Data extracts:
________________________________________

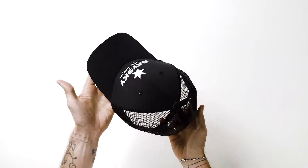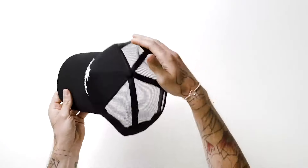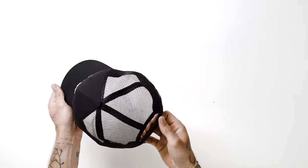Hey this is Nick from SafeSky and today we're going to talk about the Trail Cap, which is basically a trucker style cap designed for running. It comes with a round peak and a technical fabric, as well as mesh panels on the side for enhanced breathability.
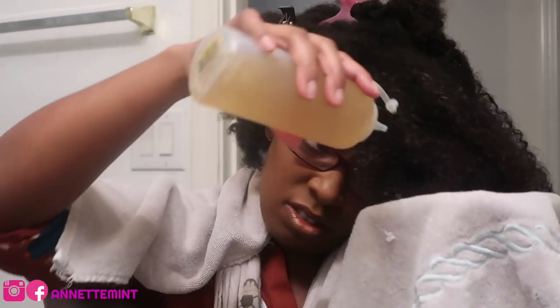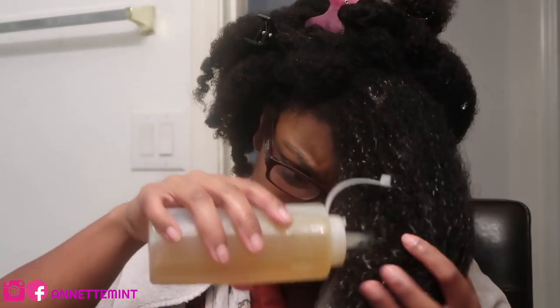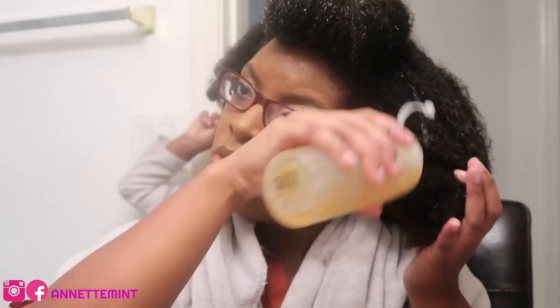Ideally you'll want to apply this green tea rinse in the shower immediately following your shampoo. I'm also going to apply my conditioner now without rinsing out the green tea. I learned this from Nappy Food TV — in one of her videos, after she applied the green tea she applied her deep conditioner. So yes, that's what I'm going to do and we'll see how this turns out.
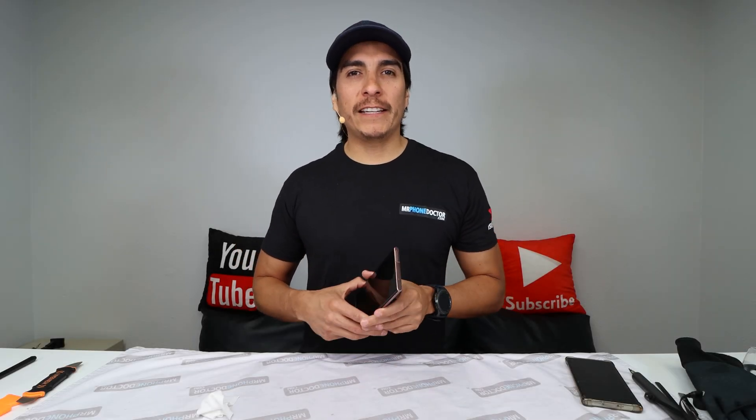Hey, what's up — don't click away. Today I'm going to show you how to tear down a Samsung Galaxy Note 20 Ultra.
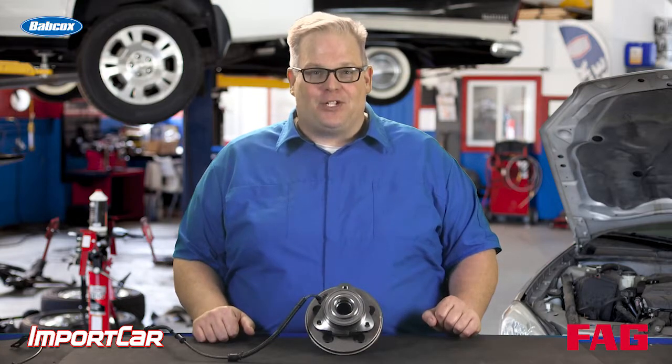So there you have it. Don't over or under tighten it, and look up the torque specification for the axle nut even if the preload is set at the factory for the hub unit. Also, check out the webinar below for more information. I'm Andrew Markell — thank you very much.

________________________________________

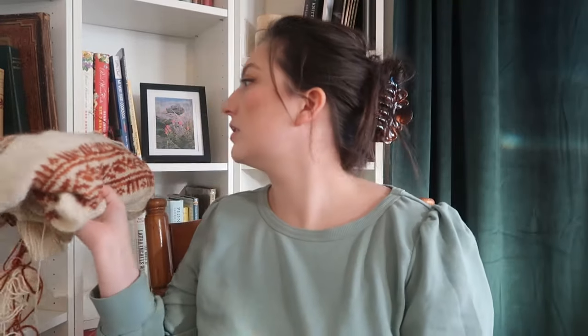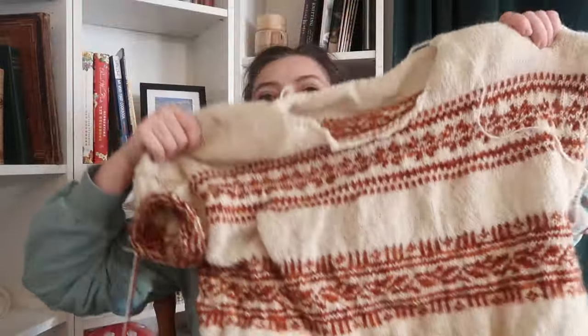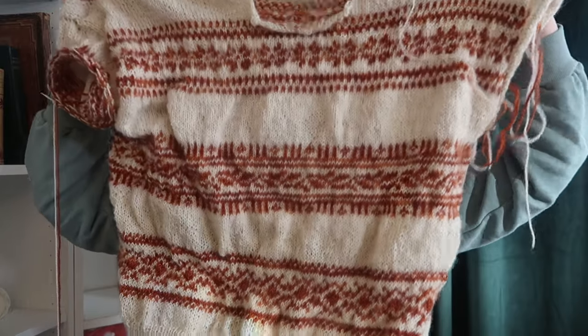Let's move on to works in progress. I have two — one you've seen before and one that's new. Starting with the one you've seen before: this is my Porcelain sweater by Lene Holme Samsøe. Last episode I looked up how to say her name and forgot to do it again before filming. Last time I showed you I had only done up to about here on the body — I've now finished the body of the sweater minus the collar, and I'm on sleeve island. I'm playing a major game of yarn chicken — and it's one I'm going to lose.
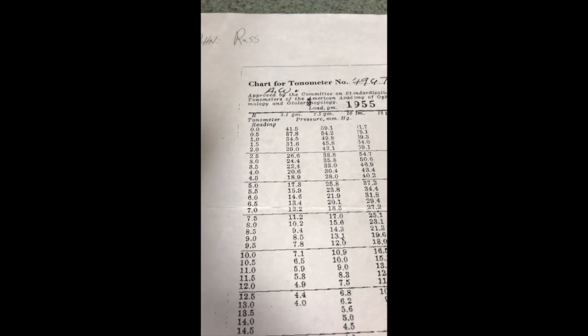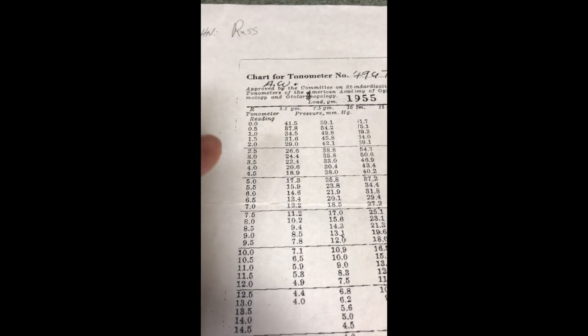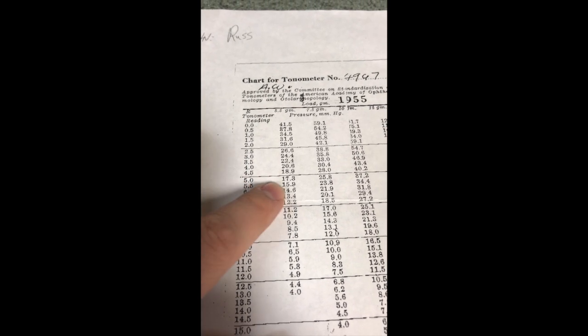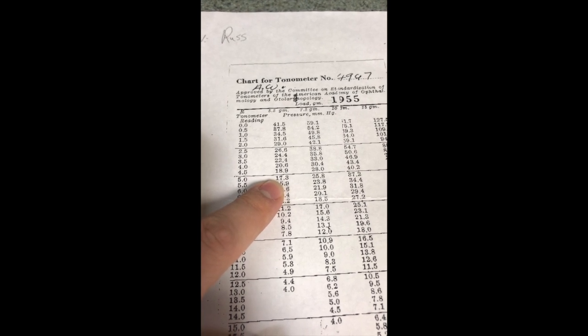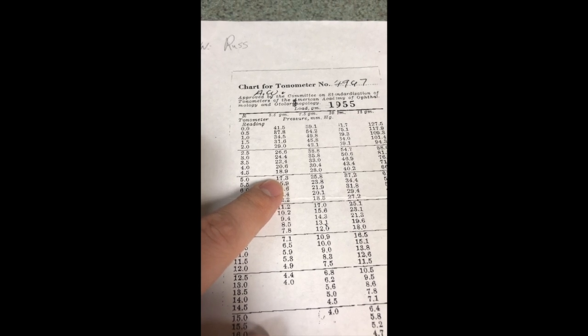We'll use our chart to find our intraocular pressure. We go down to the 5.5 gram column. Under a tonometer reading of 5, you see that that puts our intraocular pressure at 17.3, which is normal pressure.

________________________________________

Work instructions: Nothing but the lines above, starting at the line that contains "Hey this is" and ending at the line that contains "So there you", should be given again, exactly and without the pictures.

Finished task:
Hey this is Nick from SafeSky and today we're going to talk about the Trail Cap, which is basically a trucker style cap designed for running. It comes with a round peak and a technical fabric, as well as mesh panels on the side for enhanced breathability.
Ideally you'll want to apply this green tea rinse in the shower immediately following your shampoo. I'm also going to apply my conditioner now without rinsing out the green tea. I learned this from Nappy Food TV — in one of her videos, after she applied the green tea she applied her deep conditioner. So yes, that's what I'm going to do and we'll see how this turns out.
Hey, what's up — don't click away. Today I'm going to show you how to tear down a Samsung Galaxy Note 20 Ultra.
So there you have it. Don't over or under tighten it, and look up the torque specification for the axle nut even if the preload is set at the factory for the hub unit. Also, check out the webinar below for more information. I'm Andrew Markell — thank you very much.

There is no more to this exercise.